Is the study control arm a placebo control arm?
Are there harm signals available from any source, that with proper analysis have potential to contra-indicate performing, expanding, or continuing the experiment?
Is the number of study participants sufficiently powered to produce statistical significance for deaths and hospitalization outcomes?
Is the study looking at clinical outcomes?
What have the animal trials shown (were there animal trials) with regard to injecting the very young?
If the medium and long-term risks are unknown, how can one morally and ethically justify injection of novel mRNA technology as a biologic in the very young?
While I am writing, I would like to take the opportunity to encourage a broader focus on public health over a single focus to promote vaccines:
I ask, with utmost urgency as it may represent the most immediate benefit, that early treatment via cheap, effective, established, widely-available medicines with known safety profiles, be promoted with restrictions lifted, even though they may be off-label uses for COVID-19, and even though they may utilize some of WHO’s “essential medicines”.

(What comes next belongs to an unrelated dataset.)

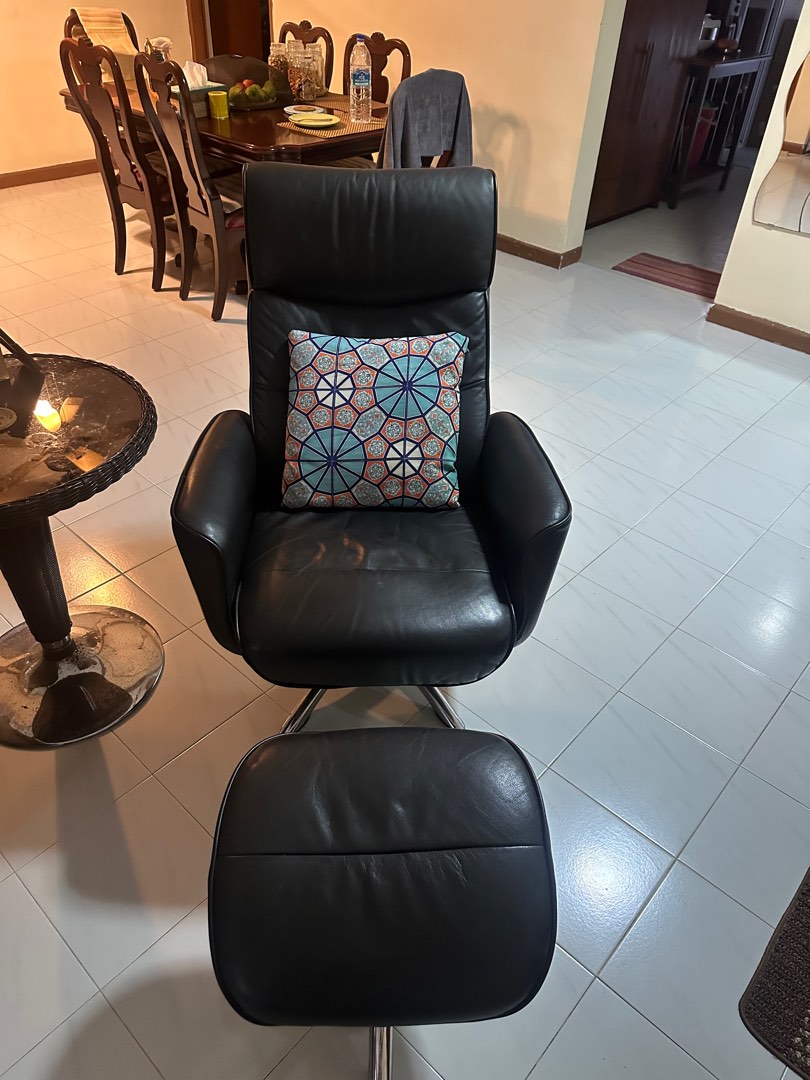 Full Leather Arm Chair and Stool, Furniture & Home Living, Furniture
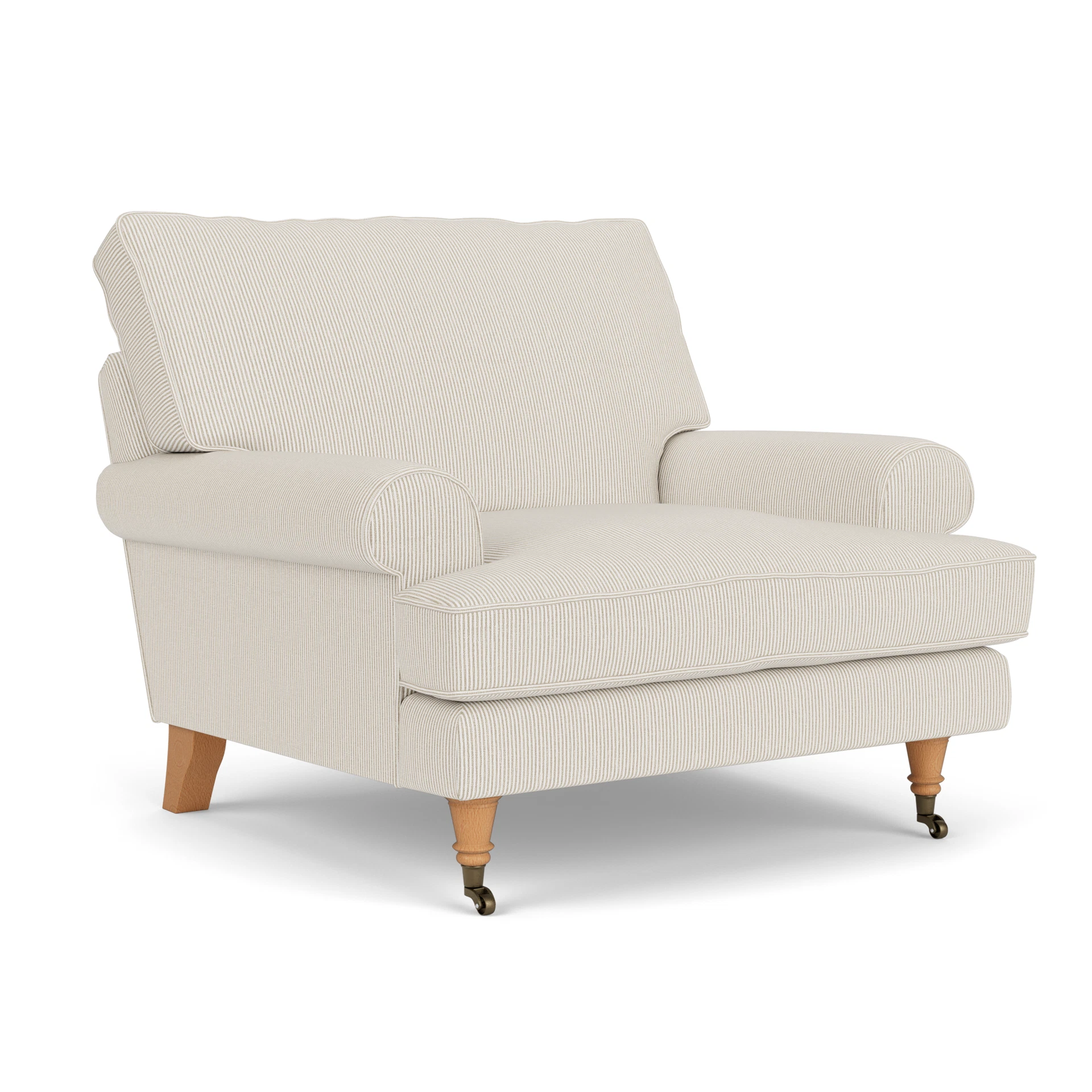 Stewart Armchair in Broadway Stripe - Natural with Light legs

I ask that the decisions for interventions shall be left to patients in consultation with their doctors, including prophylaxis and treatment.
I ask that the EUAs be terminated for all youth, under 18 years old, who lack any serious co-morbidity of concern.
I ask that the serious adverse event signals in VAERS and other health data systems be transparently and honestly pursued, particularly with regard to the underreporting factor.
I ask that all follow-up, long term studies that were suggested for the conditional licensing of all COVID-19 biologics, past, present, and future, be re-cast as required studies so that the medium and long term health side effects can be properly identified and quantified.
I ask that you encourage a quick end to the COVID-19 emergency.
Thank you very much.
And off they go … (and online docket comment submitted too)
Wonderful. All of it looks great to me. Very detailed and thorough. I have no edits other than typos I caught. ;) In caps below.
What statistically significant benefits vs. placebo HAVE been demonstrated to-date?
I ask that you encourage AN (or THE) end to the COVID-19 emergency.
Thanks again for getting the word out about this. It's so crucial that we do everything we can to stop this.
Touché. If this were a petition, I would gladly sign it.